Если ясным осенним утром он заставал графиню спокойно сидящей на скамье под пожелтевшим тополем, несчастный любовник ложился у ее ног и глядел ей в глаза, надеясь обнаружить в ее взоре хоть малейший признак рассудка. Иногда он обманывал себя, и ему казалось, что ее неподвижный, остановившийся взгляд оживает, смягчается, становится вновь выразительным. Он вскрикивал: «Стефани! Стефани! Ты слышишь, видишь меня?» Но для нее это было просто звуком, таким же, как шум ветра в деревьях, как мычание коровы, на спину которой она взбиралась; и полковник в отчаянии, вечно обновляющемся отчаянии, ломал себе руки. Время шло, и все эти тщетные попытки лишь увеличивали его страдания. Однажды ясным вечером в тишине и спокойствии этого затерянного среди полей уголка г-н Фанжа издали увидел, как барон заряжает пистолет. Старый врач понял, что Филипп утратил всякую надежду; он почувствовал, как вся его кровь прилила к сердцу, и если справился с охватившей его дурнотой, то потому лишь, что предпочитал видеть свою племянницу хоть и безумной, но живой, а не мертвой. Он бросился к Филиппу.

— Что вы делаете? — спросил он.

— Тот для меня, — отвечал полковник, указывая ему на лежащий на скамье заряженный пистолет, — а вот этот для нее, — добавил он, продолжая забивать пыж в оружие, которое держал в руках.

Лежа на земле, графиня играла пулями.

— Разве вы не знаете, — холодным тоном сказал врач, стараясь скрыть свой ужас, — что сегодня ночью во сне она позвала «Филипп»?

— Она позвала меня! — воскликнул барон, выронив пистолет; Стефани подняла оружие, но он вырвал его у нее из рук, схватил другой пистолет, который лежал на скамье, и убежал.

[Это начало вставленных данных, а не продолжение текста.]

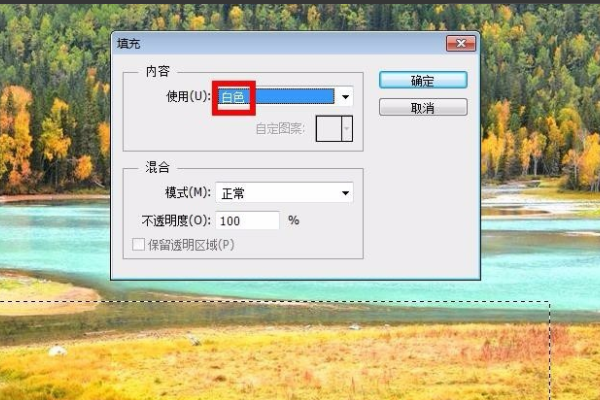 PS 自由钢笔工具画的图形怎么填充颜色？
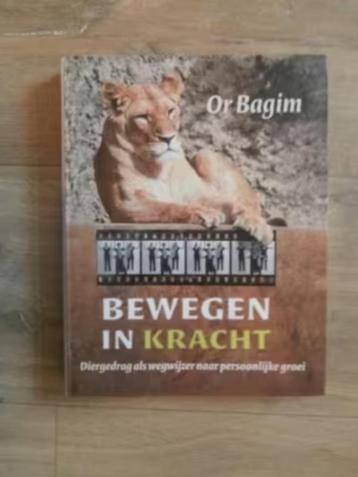 Bewegen in kracht - Or Bagim beschikbaar voor biedingen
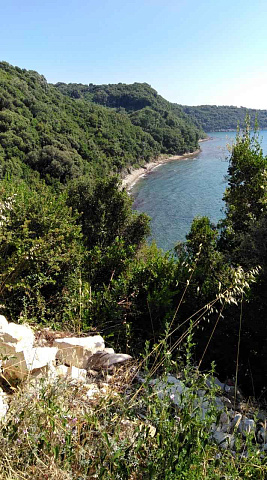 Plot in Dobre Vode — photo 9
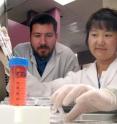 Dave Buchholz and Sherry Hikita stand in the Stem Cell Lab at University of California - Santa Barbara.
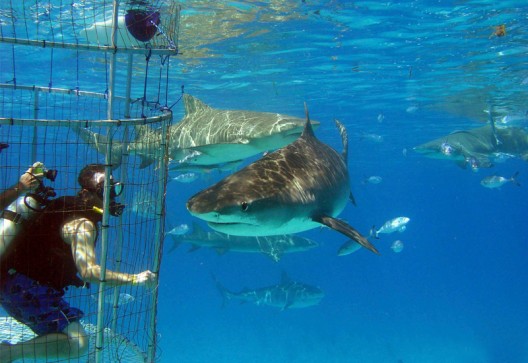Isla Guadalupe White Shark Cage Diving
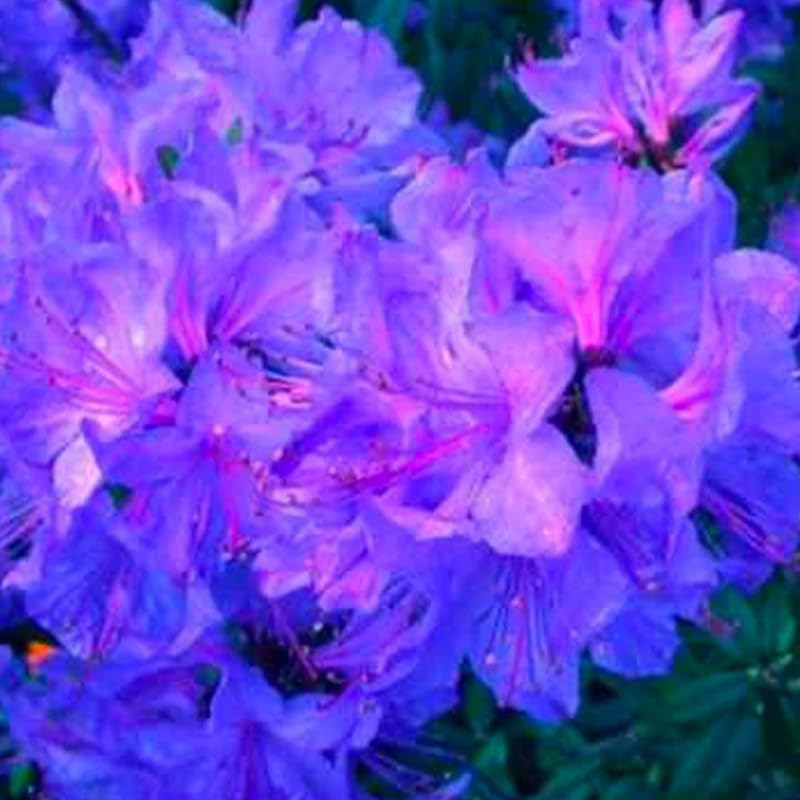 Blue Rhododendron Plant Live, Azalea Plants, Rhododendron Azalea Bushes Ready to Plant, Full Sun Outdoor Plants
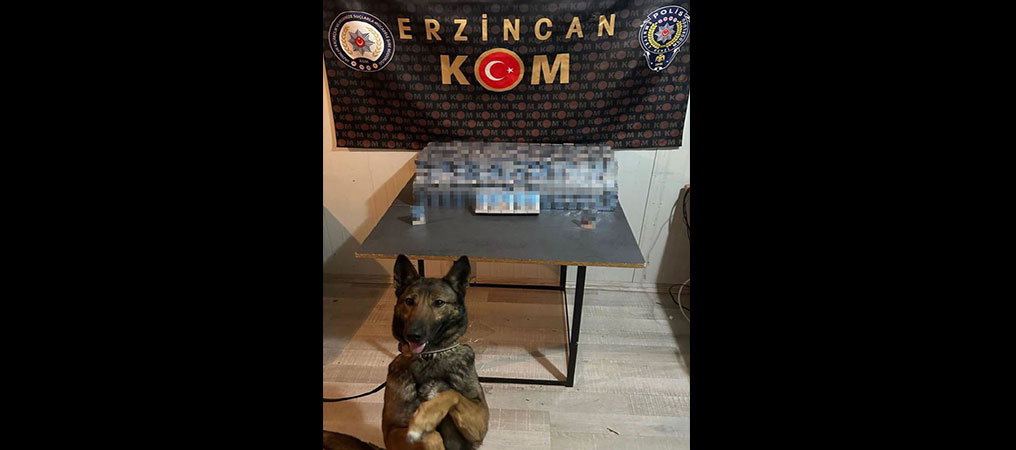 Kaçak Sigaralar Dedektör Köpeği HERA’nın Gözünden Kaçmadı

— Бедная крошка! — сказал врач, радуясь тому, что хитрость его удалась. Он прижал безумную к своей груди и прибавил: — Этот эгоист убил бы тебя! Он хочет умертвить тебя, потому что страдает. Он не умеет любить тебя ради тебя, дитя мое! Но мы простим ему, не правда ли? Он безумец, тогда как ты только помешанная. Один лишь господь властен призвать тебя к себе. Мы, глупцы, считаем тебя несчастной, потому что ты не разделяешь с нами наших горестей. Но ты счастлива: ничто не заботит тебя, ты живешь, как птичка, как лань, — сказал он, посадив ее к себе на колени.

Она бросилась к прыгавшему неподалеку молодому дрозду, с торжествующим криком схватила его, задушила, поглядела на его тельце и, бросив к подножию дерева, сейчас же о нем позабыла.

Назавтра, едва рассвело, полковник спустился в сад, разыскивая Стефани: он поверил в возможность счастья. Не находя ее, он засвистал. Когда его возлюбленная явилась, он взял ее под руку. В первый раз они шли вдвоем по аллее под сводами осенних ветвей, с которых при дуновении утреннего ветра облетала листва. Полковник сел, Стефани сама взобралась к нему на колени. Филипп затрепетал от радости.

— Любовь моя, — сказал он, с жаром целуя ей руки, — ведь это я, Филипп!

Она взглянула на него с любопытством.

— Приди ко мне! — продолжал он, сжимая ее в своих объятиях. — Чувствуешь ли ты, как бьется мое сердце? Оно билось всегда для тебя лишь одной. Я все так же люблю тебя. Филипп не умер, он здесь, и ты сидишь у него на коленях. Ты — моя Стефани, а я — твой Филипп!

— Прощай! — сказала она. — Прощай!

Полковник затрепетал; ему показалось, что его восторженность передалась его возлюбленной. Исторгнутый надеждой вопль его души — последний порыв неумирающей любви, безумной страсти — вернул рассудок его возлюбленной!